Redis [Client Side Cashing] Communicate hashed keys, do we really need it?

The upcoming CSC suggest the invalidation message sent from the server to the client will contain s hash value of the invalidated key rather than the actual key. This should work, but it is not free and (I will try to prove) not worth it.

First lets, get out of the way the very obvious huge amount of clients that have short keys by default. For such clients any theoretical added value of hashing the key into something shorter greatly diminishes and any effort done to do so is mostly wasted overhead.

Now lets consider only the more rare clients that have many huge key size and enumerate the possible benefits of hashed key vs raw (non hashed) keys. I will try to make a point that even for the alleged benefits raw keys will preform in the same magnitude order as hashed ones or better.

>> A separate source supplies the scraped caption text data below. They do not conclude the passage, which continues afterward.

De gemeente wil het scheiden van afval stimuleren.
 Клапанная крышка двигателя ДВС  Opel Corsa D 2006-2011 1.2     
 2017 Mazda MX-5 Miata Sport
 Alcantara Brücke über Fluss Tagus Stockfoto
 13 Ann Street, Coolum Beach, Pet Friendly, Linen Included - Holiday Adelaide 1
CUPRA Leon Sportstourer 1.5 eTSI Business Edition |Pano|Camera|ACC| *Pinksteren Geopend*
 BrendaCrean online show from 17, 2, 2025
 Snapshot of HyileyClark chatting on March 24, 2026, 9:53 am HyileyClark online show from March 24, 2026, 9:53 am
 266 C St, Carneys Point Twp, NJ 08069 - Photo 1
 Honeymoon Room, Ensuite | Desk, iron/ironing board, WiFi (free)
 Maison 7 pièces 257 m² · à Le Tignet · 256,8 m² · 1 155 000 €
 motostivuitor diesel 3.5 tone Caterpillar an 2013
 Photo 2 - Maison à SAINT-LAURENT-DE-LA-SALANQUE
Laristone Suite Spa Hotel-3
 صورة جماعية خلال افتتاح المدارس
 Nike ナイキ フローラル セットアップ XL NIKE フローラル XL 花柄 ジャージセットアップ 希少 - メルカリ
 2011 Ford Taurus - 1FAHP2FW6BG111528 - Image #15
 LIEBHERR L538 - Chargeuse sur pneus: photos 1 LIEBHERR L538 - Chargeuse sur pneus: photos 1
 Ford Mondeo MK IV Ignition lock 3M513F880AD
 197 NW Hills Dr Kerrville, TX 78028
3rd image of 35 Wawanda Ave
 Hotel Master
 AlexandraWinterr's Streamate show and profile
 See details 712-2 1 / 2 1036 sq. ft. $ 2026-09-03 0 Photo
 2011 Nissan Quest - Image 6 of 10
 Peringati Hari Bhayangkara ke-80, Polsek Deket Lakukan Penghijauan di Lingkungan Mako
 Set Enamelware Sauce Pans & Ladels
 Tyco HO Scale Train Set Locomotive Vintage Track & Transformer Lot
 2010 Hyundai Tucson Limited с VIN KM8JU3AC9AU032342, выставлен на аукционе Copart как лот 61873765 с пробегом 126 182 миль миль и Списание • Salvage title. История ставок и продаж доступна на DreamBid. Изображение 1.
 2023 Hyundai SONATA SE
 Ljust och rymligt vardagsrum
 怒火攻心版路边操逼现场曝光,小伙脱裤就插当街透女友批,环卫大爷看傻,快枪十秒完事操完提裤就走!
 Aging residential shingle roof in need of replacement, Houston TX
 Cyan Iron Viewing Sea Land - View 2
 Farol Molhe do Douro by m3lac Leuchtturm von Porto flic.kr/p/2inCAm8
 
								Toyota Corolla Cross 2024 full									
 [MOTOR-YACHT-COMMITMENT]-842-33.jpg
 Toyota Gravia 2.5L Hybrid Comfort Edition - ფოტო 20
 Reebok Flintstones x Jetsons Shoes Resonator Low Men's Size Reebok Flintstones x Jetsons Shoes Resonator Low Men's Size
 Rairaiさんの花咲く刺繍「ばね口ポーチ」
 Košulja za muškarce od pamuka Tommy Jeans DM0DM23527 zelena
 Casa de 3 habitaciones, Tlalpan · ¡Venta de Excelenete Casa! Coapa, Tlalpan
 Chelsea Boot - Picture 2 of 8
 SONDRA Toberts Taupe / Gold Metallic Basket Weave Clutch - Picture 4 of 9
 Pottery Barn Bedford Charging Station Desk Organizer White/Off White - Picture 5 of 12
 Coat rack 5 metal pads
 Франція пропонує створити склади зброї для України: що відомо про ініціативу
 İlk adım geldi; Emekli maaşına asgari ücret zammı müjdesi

So for the reminder of this discussion lets assume the harder case in which keys are large (as large as they can be) and therefore can presumably benefit greatly from hashing.

Network
Claim: invalidation message will be shorter with hashed keys. Which is (sadly :) ) true. BUT its worth remembering that clients that till today had a use pattern of X get requests each with a key of size H (stand for huge) payed a network price of XH. with CSC we can expect this to be significantly lower, even just a single X (one true GET over the network and the rest from local cache). But lets make it harder (hardest). Consider the most extreme case imaginable where hashed key might yield the biggest impact. In this case the client gets an invalidation massage after each GET forcing it to GET the key from the server every time and paying the network price for the invalidation message (every time). To make this argument more extreme lets assume hashed invalidation size is zero (free). - Raw key (no hashing) - The client will pay the original XH bytes in the GET request plus XH for X invalidation massage each with a full key of size H. 2XH network - Hashed key - The client will pay the original XH bytes in the GET request plus X0 for X invalidation massages of zero size. Total XH network. - Without CSC at all - The client will pay the original X*H bytes in the GET request.

... so at the worse case imaginable communicating full keys in invalidation massage is just twice as bad as hashed keys, and hashed keys itself is slightly worse or equal to not having CSC at all. I.e. the order of magnitude payed on the wire even in this fictitious worse case we which we deviously engineered is O(XH) (i.e. the same) Again, its worth reminding that in the usual case, both hashed keys and raw keys will have much lower network cost due to cache hits and the delta between the hashed cost and the raw cost will be much smaller than XH.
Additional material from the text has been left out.